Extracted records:
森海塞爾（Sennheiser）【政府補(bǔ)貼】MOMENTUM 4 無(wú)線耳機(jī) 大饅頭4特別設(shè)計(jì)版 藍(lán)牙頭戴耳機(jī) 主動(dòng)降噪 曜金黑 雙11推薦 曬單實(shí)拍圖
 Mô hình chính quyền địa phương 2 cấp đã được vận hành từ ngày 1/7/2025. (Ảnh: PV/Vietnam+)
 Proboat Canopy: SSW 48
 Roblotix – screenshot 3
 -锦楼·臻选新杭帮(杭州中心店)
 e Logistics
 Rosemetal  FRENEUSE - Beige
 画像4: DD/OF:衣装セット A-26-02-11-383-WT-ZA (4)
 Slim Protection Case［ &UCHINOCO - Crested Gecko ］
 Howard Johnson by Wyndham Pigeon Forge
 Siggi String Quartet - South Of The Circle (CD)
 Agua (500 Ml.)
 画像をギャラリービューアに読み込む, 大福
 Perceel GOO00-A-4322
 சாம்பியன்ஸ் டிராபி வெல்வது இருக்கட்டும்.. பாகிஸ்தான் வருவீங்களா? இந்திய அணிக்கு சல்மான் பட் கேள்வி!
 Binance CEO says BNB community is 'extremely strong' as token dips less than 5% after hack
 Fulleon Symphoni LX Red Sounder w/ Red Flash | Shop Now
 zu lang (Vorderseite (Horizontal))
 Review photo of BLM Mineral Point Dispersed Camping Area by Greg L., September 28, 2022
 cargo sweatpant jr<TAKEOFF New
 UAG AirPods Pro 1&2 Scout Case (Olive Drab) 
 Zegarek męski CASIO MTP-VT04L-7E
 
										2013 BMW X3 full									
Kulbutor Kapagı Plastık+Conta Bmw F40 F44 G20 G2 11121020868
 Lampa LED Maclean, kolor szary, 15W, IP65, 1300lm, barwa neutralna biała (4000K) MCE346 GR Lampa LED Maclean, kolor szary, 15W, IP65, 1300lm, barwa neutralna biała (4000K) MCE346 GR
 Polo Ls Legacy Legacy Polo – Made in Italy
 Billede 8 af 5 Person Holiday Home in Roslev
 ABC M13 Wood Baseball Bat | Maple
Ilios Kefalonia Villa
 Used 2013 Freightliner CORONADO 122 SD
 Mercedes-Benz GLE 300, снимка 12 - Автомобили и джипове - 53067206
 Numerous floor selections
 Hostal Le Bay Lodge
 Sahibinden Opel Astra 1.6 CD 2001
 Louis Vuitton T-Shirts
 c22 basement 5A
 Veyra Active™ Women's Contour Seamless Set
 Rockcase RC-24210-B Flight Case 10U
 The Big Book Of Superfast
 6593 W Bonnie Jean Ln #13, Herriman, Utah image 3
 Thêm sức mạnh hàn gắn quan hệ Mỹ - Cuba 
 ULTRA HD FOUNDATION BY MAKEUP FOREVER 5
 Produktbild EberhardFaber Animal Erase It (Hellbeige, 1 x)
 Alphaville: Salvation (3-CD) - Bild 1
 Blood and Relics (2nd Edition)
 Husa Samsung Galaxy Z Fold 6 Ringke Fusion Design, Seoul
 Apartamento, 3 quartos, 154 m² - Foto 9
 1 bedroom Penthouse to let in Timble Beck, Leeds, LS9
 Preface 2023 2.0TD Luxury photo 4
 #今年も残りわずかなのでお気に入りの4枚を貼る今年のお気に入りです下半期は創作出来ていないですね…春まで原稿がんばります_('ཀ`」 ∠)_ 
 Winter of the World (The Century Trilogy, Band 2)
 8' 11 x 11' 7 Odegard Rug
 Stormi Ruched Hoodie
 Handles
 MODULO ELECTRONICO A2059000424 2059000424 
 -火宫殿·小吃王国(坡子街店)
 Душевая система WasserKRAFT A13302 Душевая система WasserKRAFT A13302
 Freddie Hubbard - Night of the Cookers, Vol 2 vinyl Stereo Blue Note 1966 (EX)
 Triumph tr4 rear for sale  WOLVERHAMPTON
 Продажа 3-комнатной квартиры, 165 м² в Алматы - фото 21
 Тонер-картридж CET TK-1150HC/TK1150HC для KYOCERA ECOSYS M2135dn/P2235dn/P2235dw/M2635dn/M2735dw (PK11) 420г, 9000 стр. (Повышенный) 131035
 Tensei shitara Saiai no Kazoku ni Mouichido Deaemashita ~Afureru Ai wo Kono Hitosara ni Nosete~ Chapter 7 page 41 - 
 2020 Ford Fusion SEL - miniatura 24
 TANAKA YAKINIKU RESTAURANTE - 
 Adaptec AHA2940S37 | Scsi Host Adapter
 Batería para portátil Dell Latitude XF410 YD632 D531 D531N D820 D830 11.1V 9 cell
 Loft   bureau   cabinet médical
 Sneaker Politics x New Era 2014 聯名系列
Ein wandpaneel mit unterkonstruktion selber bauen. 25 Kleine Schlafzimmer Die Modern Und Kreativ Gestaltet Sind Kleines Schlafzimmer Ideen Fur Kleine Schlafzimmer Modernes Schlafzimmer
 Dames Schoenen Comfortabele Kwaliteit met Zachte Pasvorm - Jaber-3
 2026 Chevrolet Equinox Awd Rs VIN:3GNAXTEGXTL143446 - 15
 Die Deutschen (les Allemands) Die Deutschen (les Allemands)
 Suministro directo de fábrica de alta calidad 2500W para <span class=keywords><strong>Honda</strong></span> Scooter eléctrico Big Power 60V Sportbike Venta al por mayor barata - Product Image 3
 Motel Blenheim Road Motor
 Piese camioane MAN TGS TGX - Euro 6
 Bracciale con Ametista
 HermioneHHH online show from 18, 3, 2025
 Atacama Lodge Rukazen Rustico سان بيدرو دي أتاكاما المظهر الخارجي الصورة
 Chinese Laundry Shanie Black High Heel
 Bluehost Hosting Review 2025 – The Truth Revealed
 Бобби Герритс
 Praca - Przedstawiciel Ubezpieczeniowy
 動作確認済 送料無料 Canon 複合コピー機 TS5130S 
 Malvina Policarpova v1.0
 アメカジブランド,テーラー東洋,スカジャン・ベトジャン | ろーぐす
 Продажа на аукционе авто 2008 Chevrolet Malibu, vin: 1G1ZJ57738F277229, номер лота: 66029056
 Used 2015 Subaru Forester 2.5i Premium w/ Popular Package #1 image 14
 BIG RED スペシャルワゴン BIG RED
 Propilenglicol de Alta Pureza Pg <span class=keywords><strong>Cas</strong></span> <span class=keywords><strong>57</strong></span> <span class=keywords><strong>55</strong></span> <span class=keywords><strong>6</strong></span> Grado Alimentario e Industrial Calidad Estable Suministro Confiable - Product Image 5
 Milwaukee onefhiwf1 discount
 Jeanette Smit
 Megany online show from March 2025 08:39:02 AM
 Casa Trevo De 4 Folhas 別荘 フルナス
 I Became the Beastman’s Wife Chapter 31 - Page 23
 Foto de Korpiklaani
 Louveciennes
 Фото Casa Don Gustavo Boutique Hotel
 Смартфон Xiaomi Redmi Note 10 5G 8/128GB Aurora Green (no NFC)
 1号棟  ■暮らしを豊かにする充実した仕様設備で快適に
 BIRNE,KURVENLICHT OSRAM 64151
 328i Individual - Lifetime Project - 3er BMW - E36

== REQUIRED ACTION ==
Exactly the lines from the one holding "アメカジブランド,テーラー東洋,スカジャン・ベトジャン | ろーぐす" through the end of the records above are to be returned, and nothing else.

== RESULT ==
 アメカジブランド,テーラー東洋,スカジャン・ベトジャン | ろーぐす
 Продажа на аукционе авто 2008 Chevrolet Malibu, vin: 1G1ZJ57738F277229, номер лота: 66029056
 Used 2015 Subaru Forester 2.5i Premium w/ Popular Package #1 image 14
 BIG RED スペシャルワゴン BIG RED
 Propilenglicol de Alta Pureza Pg <span class=keywords><strong>Cas</strong></span> <span class=keywords><strong>57</strong></span> <span class=keywords><strong>55</strong></span> <span class=keywords><strong>6</strong></span> Grado Alimentario e Industrial Calidad Estable Suministro Confiable - Product Image 5
 Milwaukee onefhiwf1 discount
 Jeanette Smit
 Megany online show from March 2025 08:39:02 AM
 Casa Trevo De 4 Folhas 別荘 フルナス
 I Became the Beastman’s Wife Chapter 31 - Page 23
 Foto de Korpiklaani
 Louveciennes
 Фото Casa Don Gustavo Boutique Hotel
 Смартфон Xiaomi Redmi Note 10 5G 8/128GB Aurora Green (no NFC)
 1号棟  ■暮らしを豊かにする充実した仕様設備で快適に
 BIRNE,KURVENLICHT OSRAM 64151
 328i Individual - Lifetime Project - 3er BMW - E36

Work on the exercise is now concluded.